Ich werde an dich denken, wenn ich an dem wilden Strand sitze und die Sonne hinter den Bergen verschwindet und das Mondlicht einen silberne Straße auf das Meer legt. Wenn wir ein Feuer anzünden, Bier trinken und zuhören, wie die Brandung schwächer wird bis zu dem Moment, an dem der Wind die Richtung wechselt, weil die Luft über dem warmen Meer plötzlich genauso schnell aufsteigt wie über dem kühler werdenden Sand des Strandes. Für eine kurze Zeit wird das Meer still, und ich werde hinein waten und mich ausgestreckt auf dem Rücken treiben lassen und zu den Sternen blicken, und es wird sich anfühlen, als wärst du da, wenn ich mir vorstelle, dass du möglicherweise gerade irgendwo auf genau denselben Stern blickst wie ich.

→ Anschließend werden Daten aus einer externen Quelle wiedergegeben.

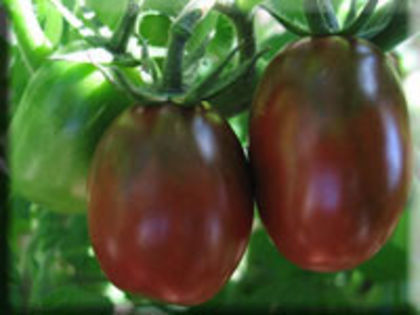 blackplum - TOMATE CHERRY BLACK PLUM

Wir werden schwimmen, irgendwann, nachts und nackt, und ein Feuer anzünden an einem wilden Strand, und ja, ich möchte, dass das eine Metapher ist für alles, was noch kommt. Und ja, es ist mir auch ein bisschen peinlich, darüber zu reden. Ich mach das nur, weil es wichtig ist.

Aber vielleicht könntest du es mir auch einfach zeigen?